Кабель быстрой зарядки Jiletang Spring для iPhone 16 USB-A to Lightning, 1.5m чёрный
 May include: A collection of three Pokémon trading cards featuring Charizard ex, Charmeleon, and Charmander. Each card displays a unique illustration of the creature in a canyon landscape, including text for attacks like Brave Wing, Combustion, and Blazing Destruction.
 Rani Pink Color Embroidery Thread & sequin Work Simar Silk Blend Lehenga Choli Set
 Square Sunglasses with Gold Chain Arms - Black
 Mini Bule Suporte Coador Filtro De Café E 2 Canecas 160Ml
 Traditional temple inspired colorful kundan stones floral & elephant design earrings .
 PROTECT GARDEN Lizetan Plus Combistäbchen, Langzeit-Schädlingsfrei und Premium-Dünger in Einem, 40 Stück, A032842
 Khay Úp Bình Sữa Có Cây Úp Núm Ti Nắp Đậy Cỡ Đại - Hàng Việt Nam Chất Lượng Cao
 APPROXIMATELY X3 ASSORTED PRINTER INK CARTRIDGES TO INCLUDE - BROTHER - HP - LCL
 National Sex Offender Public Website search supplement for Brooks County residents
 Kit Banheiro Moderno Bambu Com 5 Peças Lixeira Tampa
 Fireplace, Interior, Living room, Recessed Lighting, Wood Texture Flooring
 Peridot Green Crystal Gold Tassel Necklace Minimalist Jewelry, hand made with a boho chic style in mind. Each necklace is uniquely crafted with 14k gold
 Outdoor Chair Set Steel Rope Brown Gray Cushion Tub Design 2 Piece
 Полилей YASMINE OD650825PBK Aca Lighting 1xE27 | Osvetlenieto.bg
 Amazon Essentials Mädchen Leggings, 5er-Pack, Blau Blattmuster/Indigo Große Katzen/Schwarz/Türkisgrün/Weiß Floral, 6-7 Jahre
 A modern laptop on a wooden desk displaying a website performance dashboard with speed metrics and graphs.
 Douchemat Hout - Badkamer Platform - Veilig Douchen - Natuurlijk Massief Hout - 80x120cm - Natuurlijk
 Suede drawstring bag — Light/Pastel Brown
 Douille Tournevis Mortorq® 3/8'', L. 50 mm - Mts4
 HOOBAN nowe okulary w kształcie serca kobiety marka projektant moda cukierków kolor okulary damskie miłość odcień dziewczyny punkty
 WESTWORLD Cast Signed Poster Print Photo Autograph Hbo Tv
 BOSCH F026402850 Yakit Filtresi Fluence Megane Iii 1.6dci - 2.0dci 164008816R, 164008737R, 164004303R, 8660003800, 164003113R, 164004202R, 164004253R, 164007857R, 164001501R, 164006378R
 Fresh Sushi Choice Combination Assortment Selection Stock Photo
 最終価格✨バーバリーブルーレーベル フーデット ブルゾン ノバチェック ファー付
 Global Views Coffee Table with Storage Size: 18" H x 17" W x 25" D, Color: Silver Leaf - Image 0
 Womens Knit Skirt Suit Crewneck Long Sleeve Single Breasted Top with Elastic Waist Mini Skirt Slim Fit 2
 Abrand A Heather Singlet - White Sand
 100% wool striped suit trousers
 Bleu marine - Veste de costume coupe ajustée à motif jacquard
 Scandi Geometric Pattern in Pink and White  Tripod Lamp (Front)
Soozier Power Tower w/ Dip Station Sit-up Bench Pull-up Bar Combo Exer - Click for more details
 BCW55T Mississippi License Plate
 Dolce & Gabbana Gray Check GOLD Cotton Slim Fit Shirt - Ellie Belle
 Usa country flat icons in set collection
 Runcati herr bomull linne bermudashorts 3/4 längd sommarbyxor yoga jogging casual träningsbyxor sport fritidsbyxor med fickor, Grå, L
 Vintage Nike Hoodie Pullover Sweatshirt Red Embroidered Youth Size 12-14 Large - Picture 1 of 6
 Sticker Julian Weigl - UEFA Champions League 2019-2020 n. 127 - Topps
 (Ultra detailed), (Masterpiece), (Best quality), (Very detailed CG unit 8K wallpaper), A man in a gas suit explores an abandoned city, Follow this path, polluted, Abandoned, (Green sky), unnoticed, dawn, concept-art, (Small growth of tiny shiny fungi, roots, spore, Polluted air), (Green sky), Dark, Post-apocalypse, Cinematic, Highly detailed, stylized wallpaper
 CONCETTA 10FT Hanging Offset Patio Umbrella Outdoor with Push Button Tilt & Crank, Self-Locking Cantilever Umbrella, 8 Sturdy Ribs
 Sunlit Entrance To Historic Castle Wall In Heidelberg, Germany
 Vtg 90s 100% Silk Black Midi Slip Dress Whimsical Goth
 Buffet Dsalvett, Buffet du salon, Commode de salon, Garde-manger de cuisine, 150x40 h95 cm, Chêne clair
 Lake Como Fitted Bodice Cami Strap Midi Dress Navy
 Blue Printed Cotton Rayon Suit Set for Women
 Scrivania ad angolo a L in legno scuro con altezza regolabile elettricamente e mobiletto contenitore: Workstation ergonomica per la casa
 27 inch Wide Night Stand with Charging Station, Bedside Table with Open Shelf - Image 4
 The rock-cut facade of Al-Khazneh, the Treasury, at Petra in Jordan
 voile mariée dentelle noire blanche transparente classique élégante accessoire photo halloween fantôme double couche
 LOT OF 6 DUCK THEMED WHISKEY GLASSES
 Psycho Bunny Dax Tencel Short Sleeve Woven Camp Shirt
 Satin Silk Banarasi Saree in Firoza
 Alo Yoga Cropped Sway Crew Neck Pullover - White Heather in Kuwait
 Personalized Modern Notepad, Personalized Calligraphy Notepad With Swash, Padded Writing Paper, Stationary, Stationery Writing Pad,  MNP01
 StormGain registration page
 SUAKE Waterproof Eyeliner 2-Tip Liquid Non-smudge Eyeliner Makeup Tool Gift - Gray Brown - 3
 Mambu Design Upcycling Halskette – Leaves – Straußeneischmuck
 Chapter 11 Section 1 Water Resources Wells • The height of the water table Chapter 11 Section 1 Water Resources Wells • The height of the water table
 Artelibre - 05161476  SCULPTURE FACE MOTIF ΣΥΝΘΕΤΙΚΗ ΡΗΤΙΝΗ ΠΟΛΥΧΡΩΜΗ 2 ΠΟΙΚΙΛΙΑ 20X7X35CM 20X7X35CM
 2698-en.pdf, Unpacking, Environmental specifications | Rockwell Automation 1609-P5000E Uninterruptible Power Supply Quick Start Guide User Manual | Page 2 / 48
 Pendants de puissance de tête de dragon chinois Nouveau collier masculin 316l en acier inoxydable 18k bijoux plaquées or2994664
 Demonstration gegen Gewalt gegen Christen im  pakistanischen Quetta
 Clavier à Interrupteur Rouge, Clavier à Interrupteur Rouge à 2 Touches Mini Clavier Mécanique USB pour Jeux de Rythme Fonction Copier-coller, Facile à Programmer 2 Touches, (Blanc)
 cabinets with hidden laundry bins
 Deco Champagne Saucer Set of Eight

+++++

**Activity:** Beginning with the line above that contains "Sticker Julian Weigl", copy each line exactly up to and including the line that contains "water table Chapter", and go no further.

**Problem solution:**
 Sticker Julian Weigl - UEFA Champions League 2019-2020 n. 127 - Topps
 (Ultra detailed), (Masterpiece), (Best quality), (Very detailed CG unit 8K wallpaper), A man in a gas suit explores an abandoned city, Follow this path, polluted, Abandoned, (Green sky), unnoticed, dawn, concept-art, (Small growth of tiny shiny fungi, roots, spore, Polluted air), (Green sky), Dark, Post-apocalypse, Cinematic, Highly detailed, stylized wallpaper
 CONCETTA 10FT Hanging Offset Patio Umbrella Outdoor with Push Button Tilt & Crank, Self-Locking Cantilever Umbrella, 8 Sturdy Ribs
 Sunlit Entrance To Historic Castle Wall In Heidelberg, Germany
 Vtg 90s 100% Silk Black Midi Slip Dress Whimsical Goth
 Buffet Dsalvett, Buffet du salon, Commode de salon, Garde-manger de cuisine, 150x40 h95 cm, Chêne clair
 Lake Como Fitted Bodice Cami Strap Midi Dress Navy
 Blue Printed Cotton Rayon Suit Set for Women
 Scrivania ad angolo a L in legno scuro con altezza regolabile elettricamente e mobiletto contenitore: Workstation ergonomica per la casa
 27 inch Wide Night Stand with Charging Station, Bedside Table with Open Shelf - Image 4
 The rock-cut facade of Al-Khazneh, the Treasury, at Petra in Jordan
 voile mariée dentelle noire blanche transparente classique élégante accessoire photo halloween fantôme double couche
 LOT OF 6 DUCK THEMED WHISKEY GLASSES
 Psycho Bunny Dax Tencel Short Sleeve Woven Camp Shirt
 Satin Silk Banarasi Saree in Firoza
 Alo Yoga Cropped Sway Crew Neck Pullover - White Heather in Kuwait
 Personalized Modern Notepad, Personalized Calligraphy Notepad With Swash, Padded Writing Paper, Stationary, Stationery Writing Pad,  MNP01
 StormGain registration page
 SUAKE Waterproof Eyeliner 2-Tip Liquid Non-smudge Eyeliner Makeup Tool Gift - Gray Brown - 3
 Mambu Design Upcycling Halskette – Leaves – Straußeneischmuck
 Chapter 11 Section 1 Water Resources Wells • The height of the water table Chapter 11 Section 1 Water Resources Wells • The height of the water table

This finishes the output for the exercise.